For ES8, the original investigators queried 1 consensus and 11 escape variants of the GAG TW10 epitope family, 10 of which this particular elite suppressor had acquired and as detected via sensitive RT-PCR in either plasma or pro-viral samples, representing the epitope family of highest acquired escape variants. Following training models on all pairwise variants as described previously, a clustered heatmap was used to visualize the pairwise 1-Delta Predictions to compare the immune repertoires of these 10 autologous epitope variants (Fig. 5c) where a large value denotes similarity between the any pair of repertoires. When examining this clustered heatmap, we noted that the consensus epitope (denoted by *) was distinguishable from most the acquired escape variants in ES8. This finding was consistent with the original IFN-γ based work which, for example, demonstrated that the Q244T/I247V/G238A triple mutant could not be recognized by other elite suppressors who had immune responses to the consensus epitope, suggesting that this immune response was novel^46,50.

We then desired to examine the differences between the immune responses to the GAG TW10 epitope at the individual sequence level so we collected all positive TCRs from our initial screen of these 10 autologous variants and trained a sequence classifier on this “de-noised” data to learn the distinguishing features at the TCR sequence level (Supplementary Fig. 15). Following training this in this multi-class fashion, we extracted the per-sequence predictions across all classes and applied a UMAP dimensionality reduction to visualize the sequences for each variant (Fig. 5d)⁵¹. Interestingly, when comparing the immune repertoires of the escape variants to the consensus epitope, we noted that while the consensus epitope elicited a relatively focused repertoire, many of the escape variants elicited rather heterogeneous responses based on TCR diversity. Despite many of these escape variants eliciting immune responses, as suggested by our method and validated by previous IFN-γ assays, these variants due to their structural heterogeneity may represent less specific responses. Finally, we wanted to demonstrate the ability of our method to also visualize the differences between any pair of immune responses, so we created RSLs for the consensus epitope (TSTLQEQIGW) and the “triple-mutant” variant (TSTLTEQVAW) demonstrating the differences between these two immune responses (Fig. 5e). These findings lead us to believe that the GAG TW10 epitope is under considerable immune pressure where escape variants often create TCR repertoires that are not only distinguishable from the repertoire against the consensus epitope but also are far more heterogeneous, suggesting less specific immune responses are generated against these escape variants.
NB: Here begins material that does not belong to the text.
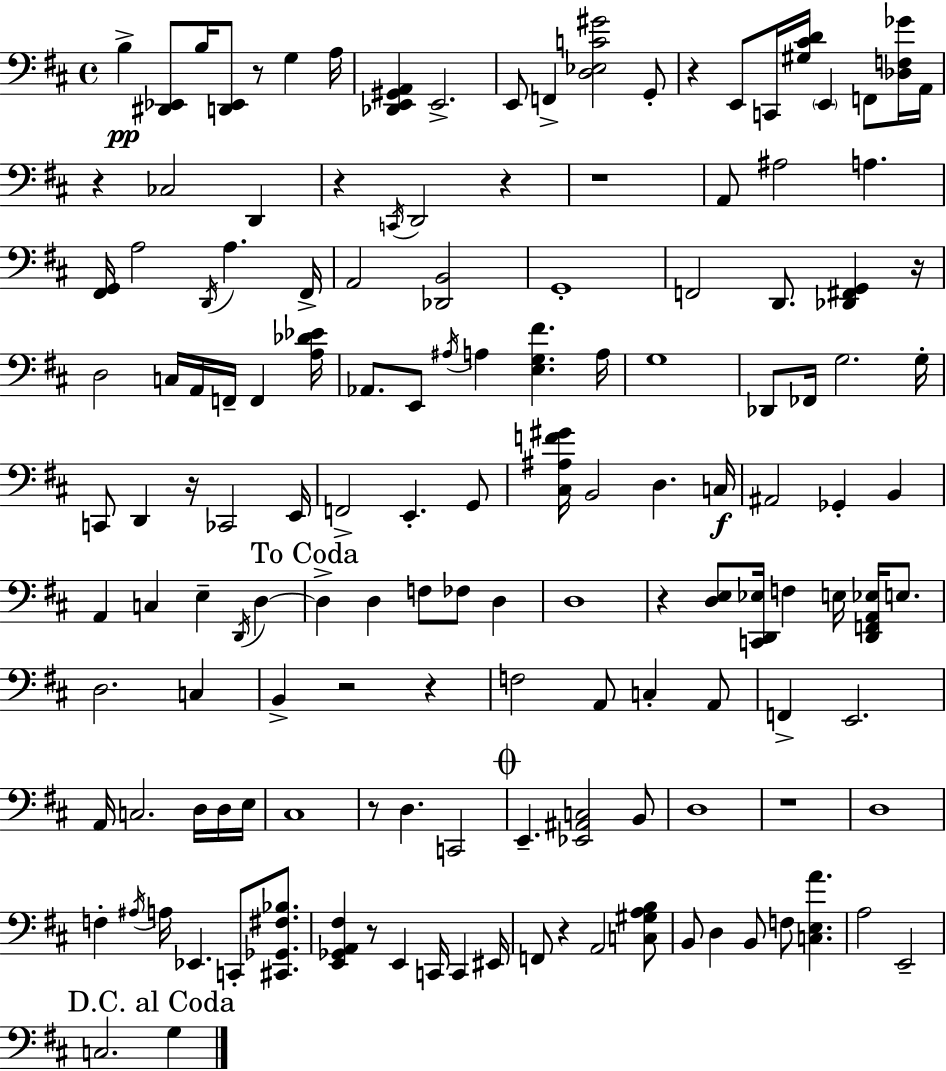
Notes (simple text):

B3/q [D#2,Eb2]/e B3/s [D2,Eb2]/e R/e G3/q A3/s [Db2,E2,G#2,A2]/q E2/h. E2/e F2/q [D3,Eb3,C4,G#4]/h G2/e R/q E2/e C2/s [G#3,C#4,D4]/s E2/q F2/e [Db3,F3,Gb4]/s A2/s R/q CES3/h D2/q R/q C2/s D2/h R/q R/w A2/e A#3/h A3/q. [F#2,G2]/s A3/h D2/s A3/q. F#2/s A2/h [Db2,B2]/h G2/w F2/h D2/e. [Db2,F#2,G2]/q R/s D3/h C3/s A2/s F2/s F2/q [A3,Db4,Eb4]/s Ab2/e. E2/e A#3/s A3/q [E3,G3,F#4]/q. A3/s G3/w Db2/e FES2/s G3/h. G3/s C2/e D2/q R/s CES2/h E2/s F2/h E2/q. G2/e [C#3,A#3,F4,G#4]/s B2/h D3/q. C3/s A#2/h Gb2/q B2/q A2/q C3/q E3/q D2/s D3/q D3/q D3/q F3/e FES3/e D3/q D3/w R/q [D3,E3]/e [C2,D2,Eb3]/s F3/q E3/s [D2,F2,A2,Eb3]/s E3/e. D3/h. C3/q B2/q R/h R/q F3/h A2/e C3/q A2/e F2/q E2/h. A2/s C3/h. D3/s D3/s E3/s C#3/w R/e D3/q. C2/h E2/q. [Eb2,A#2,C3]/h B2/e D3/w R/w D3/w F3/q A#3/s A3/s Eb2/q. C2/e [C#2,Gb2,F#3,Bb3]/e. [E2,Gb2,A2,F#3]/q R/e E2/q C2/s C2/q EIS2/s F2/e R/q A2/h [C3,G#3,A3,B3]/e B2/e D3/q B2/e F3/e [C3,E3,A4]/q. A3/h E2/h C3/h. G3/q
In contrast to the GAG TW10 epitope family, the GAG IW9 family had only two variants (the consensus epitope - ISPRTLNAW and the I147M escape variant - MSPRTLNAW) that both generated immune responses. However, these responses were highly homologous given a trained repertoire classifier could not distinguish between wells of either condition, suggesting a cross-reactive repertoire to both these escape variants (Supplementary Fig. 16). This finding was consistent with the initial IFN-γ based approaches that found both the consensus and the escape variant both generated immune responses and furthermore, the I127M escape variant was recognized by other subjects who did not have that acquired mutation, confirming our model learned the true cross-reactive nature of this repertoire⁴⁶. These findings suggest that, as has been hypothesized in prior work, certain epitopes may be under stronger immune pressure than others. Our results demonstrate the power of leveraging deep learning on routine T cell culture coupled with TCR sequencing to identify antigen-specific responses that not only can detect the presence of an immune response but also characterize the TCR sequence diversity of that response. However, while our methods cannot prove or make claims around the nature of the immune pressure and its role in HIV pathogenesis, we do demonstrate here the utility for such an approach to generate novel hypotheses that were possibly previously unappreciated.

Discussion

NGS has become one of the largest sources of big data in the biological sciences, and deep learning is a promising modality for analyzing this kind of big data. In this work, we present DeepTCR, a collection of unsupervised and supervised deep learning approaches to characterize TCR-Seq data for both descriptive and predictive purposes. We first demonstrate that by using a VAE to do unsupervised learning with an improved method of TCR featurization, we can better cluster antigen-specific TCRs. We believe that the real novelty of this approach is allow for joint representations of data inputs of different types (i.e. sequence vs categorical data). While previous methods including GLIPH have used V/D/J information to strengthen the certainty of any given cluster being antigen specific, the initial clustering algorithm does not take into account the V/D/J gene information. In contrast, the TCRdist algorithm does include this information more directly into the computation of its distance metric by incorporating sequence information from the CDR1 and CDR2 regions; the only limitation being this sequence information is most often not collected by current commercial TCR-Seq platforms that often only report the CDR3 sequence and respective V/D/J gene usage. While we only explore featurizing a TCR by its CDR3 sequence and V/D/J gene usage, one can imagine this framework can be expanded to include other information about a TCR such as human leukocyte antigen-context within which it was observed within or even other types of sample-level data such as experimental conditions or treatments a given repertoire was exposed to. Leveraging deep learning allows one the flexibility to generate a rich feature space that can take into account many types of data.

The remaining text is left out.